Task objective -> Among the entries below, find the line with "Cadillac Lowrider cruising" and the line with "Montreal clock tower". Return exactly those lines and every line between them, but no pictures.

Data records ->
■ ■ ■ ■ ■ ■ ■
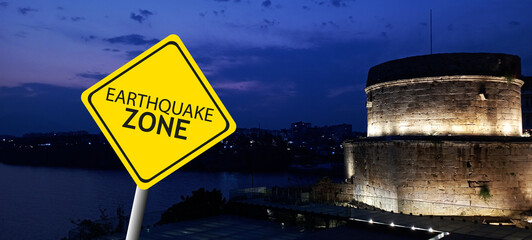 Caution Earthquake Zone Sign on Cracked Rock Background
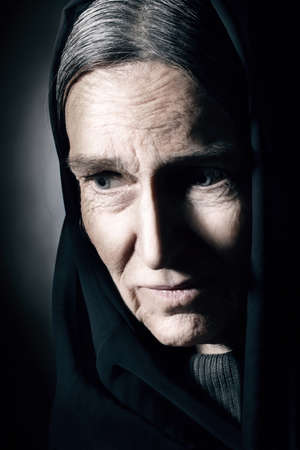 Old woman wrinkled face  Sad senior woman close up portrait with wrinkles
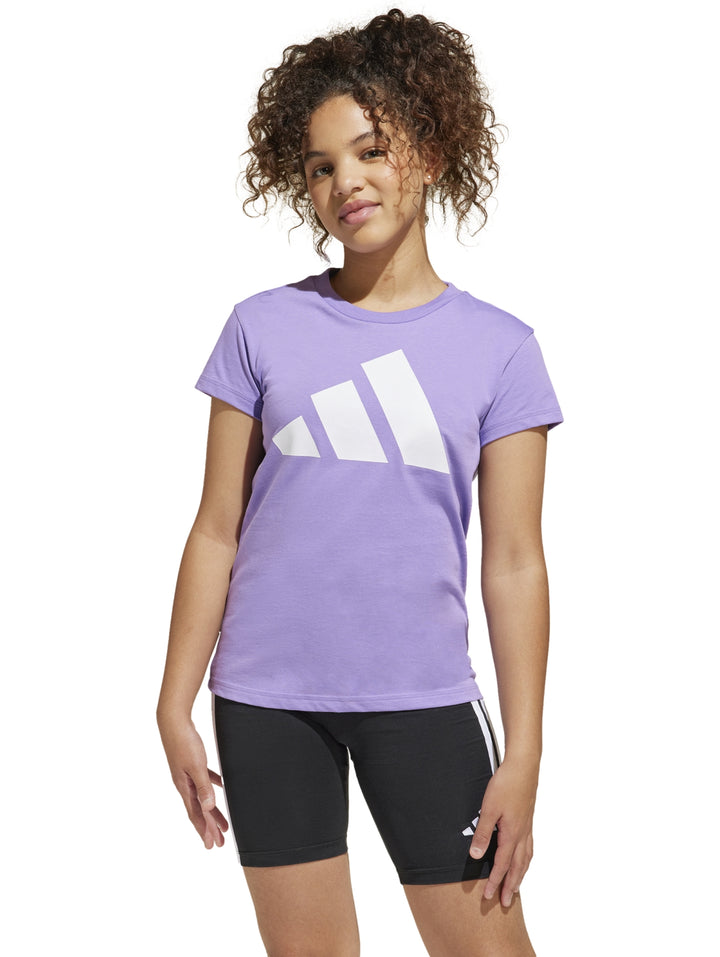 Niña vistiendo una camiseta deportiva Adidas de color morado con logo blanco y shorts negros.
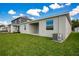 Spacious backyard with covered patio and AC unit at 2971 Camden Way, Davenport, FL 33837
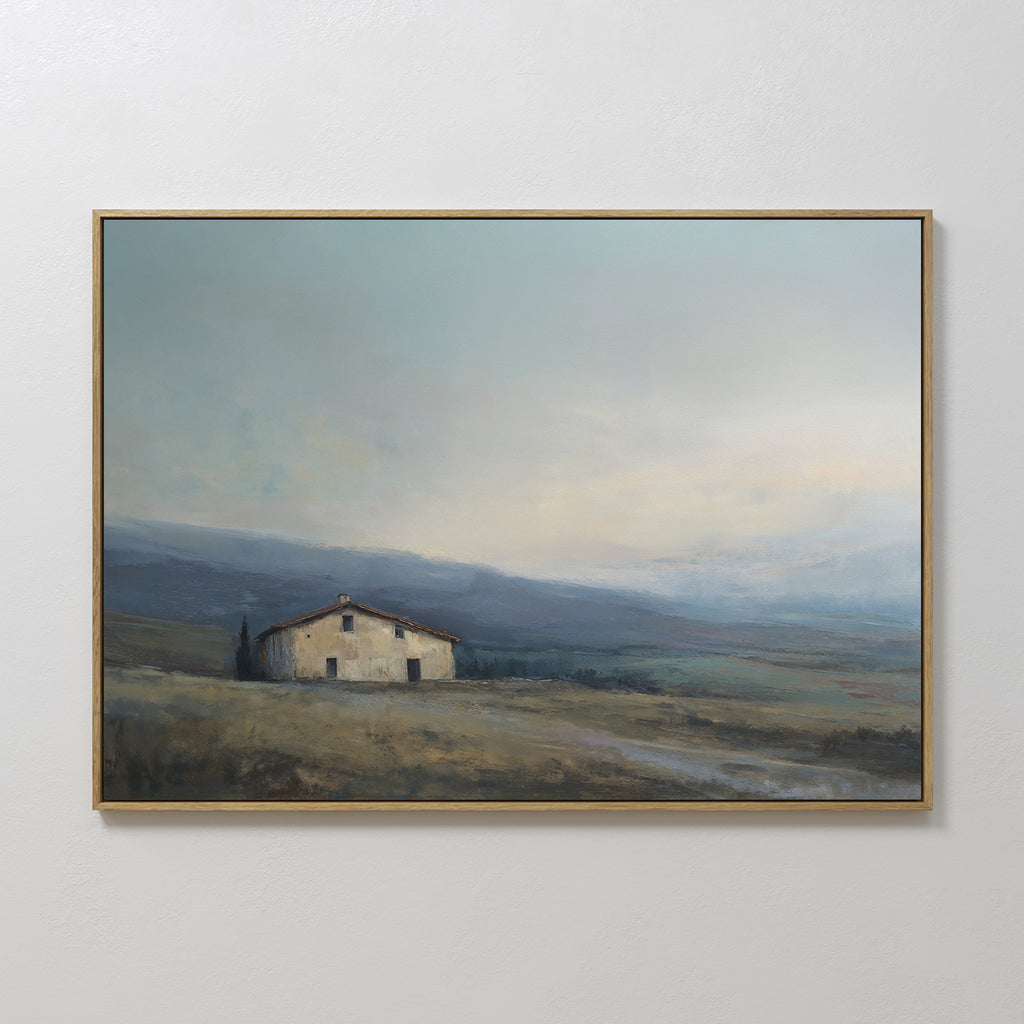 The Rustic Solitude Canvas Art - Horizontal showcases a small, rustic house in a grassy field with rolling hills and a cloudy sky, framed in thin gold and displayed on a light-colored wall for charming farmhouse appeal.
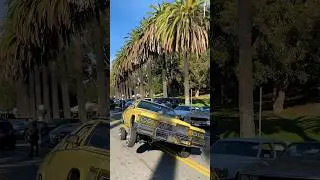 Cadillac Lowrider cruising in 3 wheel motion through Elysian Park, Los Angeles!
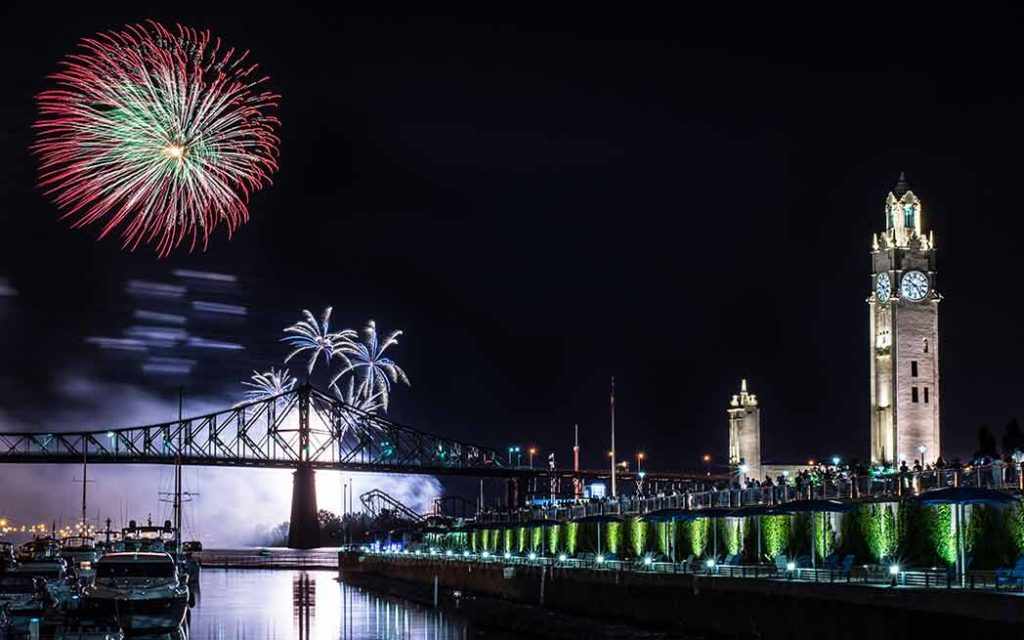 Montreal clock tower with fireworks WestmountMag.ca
■ ■ ■ ■ ■ ■ ■
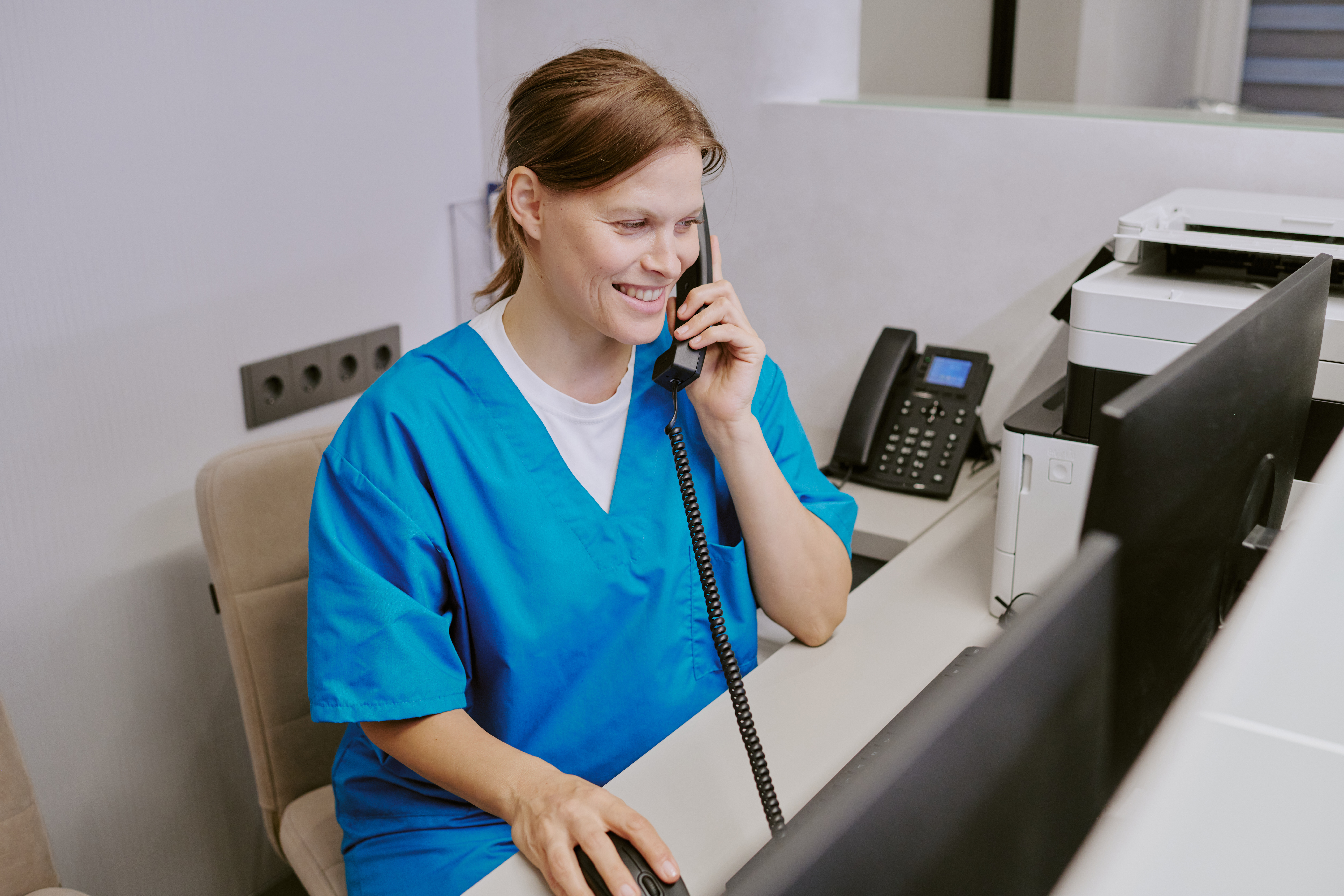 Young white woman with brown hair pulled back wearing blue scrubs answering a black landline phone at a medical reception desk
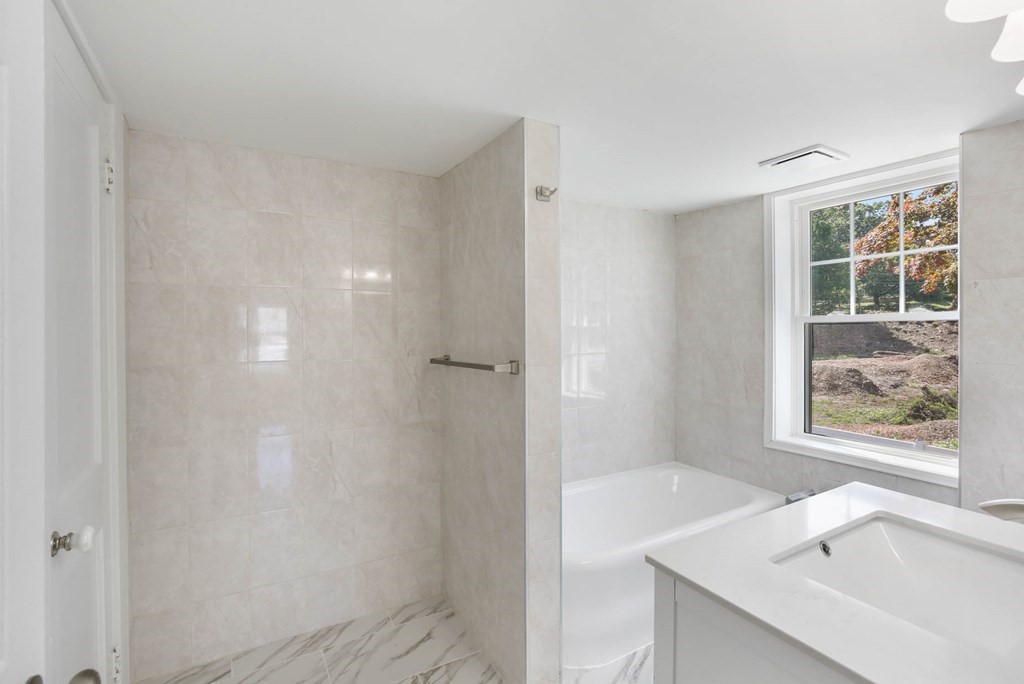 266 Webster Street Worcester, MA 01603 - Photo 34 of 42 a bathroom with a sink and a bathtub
■ ■ ■ ■ ■ ■ ■
Solution ->
 Cadillac Lowrider cruising in 3 wheel motion through Elysian Park, Los Angeles!
 Montreal clock tower with fireworks WestmountMag.ca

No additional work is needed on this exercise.